Following the release of President Barack Obama’s fiscal 2011 budget proposal early this week, the administration’s Middle Class Task Force unveiled initiatives aimed at helping support family caregivers and other individuals providing uncompensated care for loved ones. The task force was established last year shortly after the president was sworn in to office, and Vice President Joe Biden serves as its chairman.

With an intensified focus on creating jobs and moving the economy forward, the Obama Administration has been highlighting issues such as the cost of health care and health insurance as a drag on American families (NAHC Report, 1/28/10). As millions of working caregivers across the country well know, tough economic times have created additional strains for individuals trying to balance jobs of their own with providing “informal” care for an elderly parent and/or disabled adult child, often risking their own physical, emotional, and financial well-being because of the stress that can create. “For many families, it just seems like it is impossible to get ahead,” the task force noted in a statement this week.

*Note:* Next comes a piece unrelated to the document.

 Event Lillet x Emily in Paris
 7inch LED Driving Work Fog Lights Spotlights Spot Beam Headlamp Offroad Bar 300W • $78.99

“Millions of Americans provide unpaid care to aging relatives — including approximately 23 million caregivers with jobs and 12 million who are caring for their own children. That’s why the Middle Class Task Force’s ‘squeeze’ initiative includes help for family caregivers,” the statement reads. The task force refers to the “sandwich generation” — which it describes as “people who are caring for children (or grandchildren or adult children who are struggling financially) and their parents” — as being particularly hard hit.

The task force has proposed $103 million in funding to support respite care, counseling, training, referrals, and adult day services. This funding is intended for the National Family Caregiver Support Program and Lifespan Respite program, for which the National Association for Home Care & Hospice (NAHC) has long called for full and adequate funding (NAHC Report, 9/17/04; 12/16/06; 11/28/07; 3/18/08; 5/19/08).